[Data records]
▼

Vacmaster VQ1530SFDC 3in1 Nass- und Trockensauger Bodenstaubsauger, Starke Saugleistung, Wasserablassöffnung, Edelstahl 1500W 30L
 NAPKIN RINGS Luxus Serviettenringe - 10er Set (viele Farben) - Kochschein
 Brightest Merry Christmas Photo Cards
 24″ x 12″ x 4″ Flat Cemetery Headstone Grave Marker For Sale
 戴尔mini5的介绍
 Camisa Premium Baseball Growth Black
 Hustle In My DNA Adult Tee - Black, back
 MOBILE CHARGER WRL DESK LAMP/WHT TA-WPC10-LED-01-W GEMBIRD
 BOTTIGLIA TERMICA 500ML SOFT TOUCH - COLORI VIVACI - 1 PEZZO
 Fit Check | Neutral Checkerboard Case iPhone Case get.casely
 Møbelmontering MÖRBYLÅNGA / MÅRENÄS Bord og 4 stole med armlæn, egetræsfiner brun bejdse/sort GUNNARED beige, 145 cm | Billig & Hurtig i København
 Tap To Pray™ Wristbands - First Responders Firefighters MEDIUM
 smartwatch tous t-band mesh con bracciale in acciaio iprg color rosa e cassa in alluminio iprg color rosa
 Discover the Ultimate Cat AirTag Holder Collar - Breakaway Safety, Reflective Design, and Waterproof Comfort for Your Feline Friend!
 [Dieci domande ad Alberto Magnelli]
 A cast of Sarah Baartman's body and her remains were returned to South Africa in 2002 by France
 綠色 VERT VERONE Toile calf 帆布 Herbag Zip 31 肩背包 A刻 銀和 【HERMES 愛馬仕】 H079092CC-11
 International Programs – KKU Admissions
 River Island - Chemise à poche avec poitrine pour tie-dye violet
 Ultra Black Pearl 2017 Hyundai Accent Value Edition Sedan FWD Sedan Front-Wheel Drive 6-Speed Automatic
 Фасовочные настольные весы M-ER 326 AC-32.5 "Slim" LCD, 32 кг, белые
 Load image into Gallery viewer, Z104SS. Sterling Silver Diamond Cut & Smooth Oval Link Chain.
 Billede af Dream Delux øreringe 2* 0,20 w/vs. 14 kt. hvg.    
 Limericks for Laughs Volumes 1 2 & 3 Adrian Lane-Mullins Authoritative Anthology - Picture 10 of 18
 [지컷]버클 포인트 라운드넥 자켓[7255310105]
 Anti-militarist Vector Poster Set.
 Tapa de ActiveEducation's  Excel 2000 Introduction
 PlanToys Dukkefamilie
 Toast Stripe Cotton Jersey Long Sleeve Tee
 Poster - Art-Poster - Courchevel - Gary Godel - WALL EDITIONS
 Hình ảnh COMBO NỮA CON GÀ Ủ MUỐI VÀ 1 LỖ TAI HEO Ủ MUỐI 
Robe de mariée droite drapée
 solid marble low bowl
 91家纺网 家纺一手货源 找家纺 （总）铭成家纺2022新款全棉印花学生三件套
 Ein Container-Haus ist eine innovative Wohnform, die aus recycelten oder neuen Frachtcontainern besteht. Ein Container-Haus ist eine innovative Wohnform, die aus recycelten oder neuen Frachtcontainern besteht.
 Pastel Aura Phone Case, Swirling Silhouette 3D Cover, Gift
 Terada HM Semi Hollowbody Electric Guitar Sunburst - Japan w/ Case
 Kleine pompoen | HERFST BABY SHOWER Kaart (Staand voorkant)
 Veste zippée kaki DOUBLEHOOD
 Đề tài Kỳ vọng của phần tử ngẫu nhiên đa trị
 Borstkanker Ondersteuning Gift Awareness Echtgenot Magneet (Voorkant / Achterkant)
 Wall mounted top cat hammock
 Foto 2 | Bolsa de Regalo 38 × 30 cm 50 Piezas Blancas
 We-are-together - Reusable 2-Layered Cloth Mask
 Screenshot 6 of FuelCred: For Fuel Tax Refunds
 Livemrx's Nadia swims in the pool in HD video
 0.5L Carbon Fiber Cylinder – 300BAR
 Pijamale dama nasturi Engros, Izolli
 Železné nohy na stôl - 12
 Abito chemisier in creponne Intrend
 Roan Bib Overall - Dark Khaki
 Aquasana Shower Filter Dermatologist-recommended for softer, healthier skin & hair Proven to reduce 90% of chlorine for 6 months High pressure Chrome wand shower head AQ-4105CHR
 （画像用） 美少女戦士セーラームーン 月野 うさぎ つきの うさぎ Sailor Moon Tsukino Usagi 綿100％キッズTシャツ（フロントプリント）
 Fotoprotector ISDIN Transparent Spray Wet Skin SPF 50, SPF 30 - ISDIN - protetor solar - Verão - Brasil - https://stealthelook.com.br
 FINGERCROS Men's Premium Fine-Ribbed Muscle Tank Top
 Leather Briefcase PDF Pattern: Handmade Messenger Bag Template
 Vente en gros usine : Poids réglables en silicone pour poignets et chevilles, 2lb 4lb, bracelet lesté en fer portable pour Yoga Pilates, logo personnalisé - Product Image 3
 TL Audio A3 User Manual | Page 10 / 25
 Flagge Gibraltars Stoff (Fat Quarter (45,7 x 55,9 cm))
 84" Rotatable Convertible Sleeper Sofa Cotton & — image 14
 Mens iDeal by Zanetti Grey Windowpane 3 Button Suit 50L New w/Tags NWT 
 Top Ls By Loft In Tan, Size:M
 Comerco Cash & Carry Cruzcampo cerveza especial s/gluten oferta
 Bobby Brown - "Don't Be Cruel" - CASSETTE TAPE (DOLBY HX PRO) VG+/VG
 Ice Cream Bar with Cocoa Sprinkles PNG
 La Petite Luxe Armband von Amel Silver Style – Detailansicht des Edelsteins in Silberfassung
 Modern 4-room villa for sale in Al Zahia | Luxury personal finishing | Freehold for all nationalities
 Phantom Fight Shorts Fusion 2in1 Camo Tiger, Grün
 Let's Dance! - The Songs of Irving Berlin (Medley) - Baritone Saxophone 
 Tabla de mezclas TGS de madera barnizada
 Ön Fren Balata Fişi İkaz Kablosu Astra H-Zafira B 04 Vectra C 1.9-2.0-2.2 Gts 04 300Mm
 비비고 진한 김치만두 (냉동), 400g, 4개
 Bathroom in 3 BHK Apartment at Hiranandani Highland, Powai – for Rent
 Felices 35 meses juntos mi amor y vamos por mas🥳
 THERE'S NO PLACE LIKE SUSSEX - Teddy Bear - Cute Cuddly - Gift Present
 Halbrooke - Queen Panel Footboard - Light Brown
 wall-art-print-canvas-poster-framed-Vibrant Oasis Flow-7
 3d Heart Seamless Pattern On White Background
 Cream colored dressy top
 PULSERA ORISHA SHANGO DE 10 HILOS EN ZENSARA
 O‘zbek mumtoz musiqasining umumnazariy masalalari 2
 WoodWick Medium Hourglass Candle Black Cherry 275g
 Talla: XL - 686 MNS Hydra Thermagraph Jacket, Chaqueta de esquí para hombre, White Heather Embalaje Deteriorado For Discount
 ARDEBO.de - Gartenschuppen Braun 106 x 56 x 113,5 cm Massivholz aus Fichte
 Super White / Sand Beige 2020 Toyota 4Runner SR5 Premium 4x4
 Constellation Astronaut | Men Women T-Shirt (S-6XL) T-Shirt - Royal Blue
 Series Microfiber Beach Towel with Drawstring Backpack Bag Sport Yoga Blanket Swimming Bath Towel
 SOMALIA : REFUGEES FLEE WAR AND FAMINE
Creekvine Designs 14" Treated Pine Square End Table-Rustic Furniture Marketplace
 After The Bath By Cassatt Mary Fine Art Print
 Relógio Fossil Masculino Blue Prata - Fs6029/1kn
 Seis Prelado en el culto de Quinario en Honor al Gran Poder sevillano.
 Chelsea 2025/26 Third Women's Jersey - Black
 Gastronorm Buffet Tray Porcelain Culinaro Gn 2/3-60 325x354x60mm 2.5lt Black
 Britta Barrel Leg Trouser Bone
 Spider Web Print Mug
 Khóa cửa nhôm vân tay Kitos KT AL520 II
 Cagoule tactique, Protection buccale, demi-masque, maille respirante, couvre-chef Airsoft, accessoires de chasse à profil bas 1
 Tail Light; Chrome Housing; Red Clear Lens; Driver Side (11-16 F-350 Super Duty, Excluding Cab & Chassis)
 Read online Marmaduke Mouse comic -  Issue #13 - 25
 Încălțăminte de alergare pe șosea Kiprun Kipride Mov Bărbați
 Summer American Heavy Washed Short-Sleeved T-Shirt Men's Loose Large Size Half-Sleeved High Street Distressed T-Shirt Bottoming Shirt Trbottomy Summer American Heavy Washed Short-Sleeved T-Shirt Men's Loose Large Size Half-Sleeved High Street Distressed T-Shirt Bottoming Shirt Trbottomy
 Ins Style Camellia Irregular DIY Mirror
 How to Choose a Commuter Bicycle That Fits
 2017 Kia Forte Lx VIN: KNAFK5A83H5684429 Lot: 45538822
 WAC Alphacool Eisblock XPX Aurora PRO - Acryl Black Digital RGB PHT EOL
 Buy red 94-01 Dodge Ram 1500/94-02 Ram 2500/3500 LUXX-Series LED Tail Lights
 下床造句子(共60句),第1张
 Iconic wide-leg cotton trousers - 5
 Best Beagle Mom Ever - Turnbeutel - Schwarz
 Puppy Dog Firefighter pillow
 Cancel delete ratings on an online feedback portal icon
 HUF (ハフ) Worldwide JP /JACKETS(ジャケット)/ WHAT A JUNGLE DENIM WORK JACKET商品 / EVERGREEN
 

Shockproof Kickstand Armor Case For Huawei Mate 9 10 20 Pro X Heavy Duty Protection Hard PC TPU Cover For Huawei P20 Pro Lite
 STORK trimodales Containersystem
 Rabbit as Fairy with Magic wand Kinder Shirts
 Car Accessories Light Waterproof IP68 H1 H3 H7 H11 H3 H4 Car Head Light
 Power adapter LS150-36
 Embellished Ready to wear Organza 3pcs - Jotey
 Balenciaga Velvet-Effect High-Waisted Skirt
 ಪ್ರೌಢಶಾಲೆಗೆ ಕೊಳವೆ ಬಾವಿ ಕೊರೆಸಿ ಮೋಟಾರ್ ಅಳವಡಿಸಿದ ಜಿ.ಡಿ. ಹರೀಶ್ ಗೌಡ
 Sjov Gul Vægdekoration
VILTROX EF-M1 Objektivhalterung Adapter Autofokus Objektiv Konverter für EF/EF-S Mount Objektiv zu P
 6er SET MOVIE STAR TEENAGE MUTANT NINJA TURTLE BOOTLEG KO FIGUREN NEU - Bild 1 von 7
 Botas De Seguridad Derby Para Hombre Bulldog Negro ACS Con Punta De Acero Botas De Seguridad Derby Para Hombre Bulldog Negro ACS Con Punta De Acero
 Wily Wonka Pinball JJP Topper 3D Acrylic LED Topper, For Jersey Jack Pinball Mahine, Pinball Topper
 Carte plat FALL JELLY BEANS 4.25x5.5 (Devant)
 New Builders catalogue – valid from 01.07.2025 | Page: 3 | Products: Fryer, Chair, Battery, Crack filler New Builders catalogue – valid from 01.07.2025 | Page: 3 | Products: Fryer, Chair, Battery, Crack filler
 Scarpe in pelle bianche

▲

● **Required work**
Give back exactly the lines above starting at the line where "下床造句子(共60句),第1张" appears and ending at the line where "HUF (ハフ) Worldwide" appears, both included, with no other lines.

● **Solution to this problem**
 下床造句子(共60句),第1张
 Iconic wide-leg cotton trousers - 5
 Best Beagle Mom Ever - Turnbeutel - Schwarz
 Puppy Dog Firefighter pillow
 Cancel delete ratings on an online feedback portal icon
 HUF (ハフ) Worldwide JP /JACKETS(ジャケット)/ WHAT A JUNGLE DENIM WORK JACKET商品 / EVERGREEN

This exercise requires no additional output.